I was intrigued by the need some of the men had to create a school within their camp, where they discussed Plato and learned Shakespeare, and they studied the Scriptures. They also learned and performed Beethoven’s “Ode to Joy” (I think) on some wretched instruments. The ideas and the beauty transformed many of the men, and the changes in them affected their captors.

A movie to talk about – and perhaps even to be changed by…

Life is but a dream?

Kris | Movies | Friday, October 3rd, 2008

Waking LifeYou have to have some interest in philosophical questions and discussion in order to enjoy Waking Life – and I think you need to be willing to listen to a lot of well-articulated nonsense.

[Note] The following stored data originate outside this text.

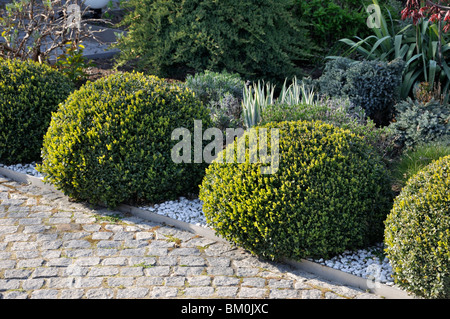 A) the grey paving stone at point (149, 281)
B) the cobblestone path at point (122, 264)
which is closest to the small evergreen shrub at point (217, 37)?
the cobblestone path at point (122, 264)

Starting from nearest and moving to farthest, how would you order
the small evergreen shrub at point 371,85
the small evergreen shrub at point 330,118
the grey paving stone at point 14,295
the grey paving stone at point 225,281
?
the grey paving stone at point 14,295, the grey paving stone at point 225,281, the small evergreen shrub at point 330,118, the small evergreen shrub at point 371,85

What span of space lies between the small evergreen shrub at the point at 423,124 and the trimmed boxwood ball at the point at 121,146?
7.50ft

The movie was originally filmed as live action, then painted over in order to give its unusual visual effect. And the effect is appropriate, since the protagonist spends the entire film trying to wake up from a dream – in fact, he keeps waking up within his dream, only to find out that he is still dreaming. As he wanders through the dream he meets different characters who wax philosophical. And it seemed to me that even though their statements were all brief, they captured the essence (without too much caricature) of the system of thought they represented, whether it was existentialism or anarchism (if that’s the word, which I doubt). The movie is a smorgasbord, then, of discussion topics.